Bilimsel Sosyalizmin temellerini oluşturan Marks ve Engels’in yaklaşımlarında bunu görmek mümkündür. Marks, Morgan’ın “Eski Toplum” adlı yayınlandığı kitapta yer bilgileri önemli görmüş ve Engels’e Morgan’ın dile getirdikleri üzerinde bir incelemede bulunarak, kitaba dönüştürmesini istemiştir. Engels’in “Ailenin, Devletin ve Özel Mülkiyetin Kökeni” adlı çalışması böyle ortaya çıkmıştır. Yine 19.yy’da Alman arkeologlarının Ortadoğu’da yaptığı kazılarda, Yunan uygarlığı öncesine ait bulgulara rastlaması, o zamana kadar ki tarih, devlet, uygarlık vb. konularda var olan görüşleri sorgulatmış ve arayışlara neden olmuştur. Bunların sonucu olarak da tarihe ve yaşanmışlıklara dair bilgiler çoğalırken, doğruya yakın görüşlere ulaşılabilmiştir. “Göbekli Tepe” örneğinde olduğu gibi bugün bile, tarihe ilişkin yeni bulgulara ulaşıldığında benzeri tablolarla karşılaşılabilmektedir.
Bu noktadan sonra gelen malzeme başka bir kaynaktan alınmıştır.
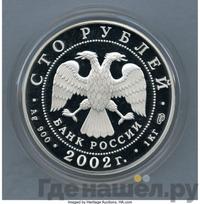 100 рублей 2002 года СПМД Серебро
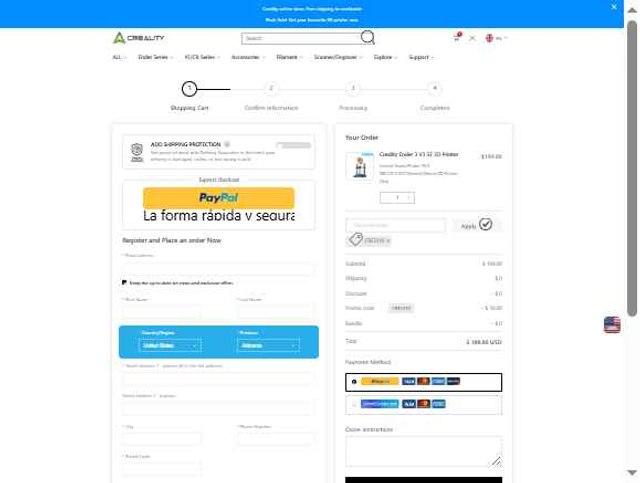 Creality3D Official checkout page showing Creality3D Official promo code box | Screenshot taken by SimplyCodes community member on Jul 18, 2025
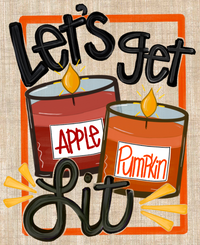 Thumbnail for Fall Lets Get Lit Burlap 8x10" Metal Wreath Sign - DECOE-170
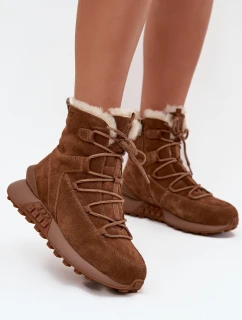 Dámske semišové snehové topánky s kožušinou Big Star SS274318 Brown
Böyle bir gerçekliğe rağmen Türkiyeli sosyalistlerin, devrimcilerin tarihe ilgisinin bazı teorik belirlemeleri fazla aşamamış olması üzerinde durulması gereken bir husustur. Fakat burada belirtilenlerden yola çıkarak Türkiye’de sosyalistlerin, devrimcilerin, tutarlı araştırmacı bilim insanlarının/tarihçilerinin varlığının reddi de söz konusu değildir. Tarihe yaklaşım ve Türkiye tarihi konusunda Hikmet Kıvılcımlı’nın kayda değer yaklaşımlarını Yine Doğan Avcıoğlu, Çetin Yetkin, Server Tanilli vb. gibi tarihçileri, düşünce insanlarını ve bunların önemini unutmamak gerekir. Ancak bunlarla sınırlı kalmıştır. Türkiye’deki mevcut hiçbir sosyalist hareket görüşlerini temellendirirken bunların tarihle olan bağını kurma gereğini duymamaktadır. Daha çok Osmanlı’nın son dönemi ile başlayan bir tarihi ele alış söz konusudur. Siyasal, sosyal, kültürel vb. konulara dair görüş oluştururken de bunun ötesine geçilmemektedir.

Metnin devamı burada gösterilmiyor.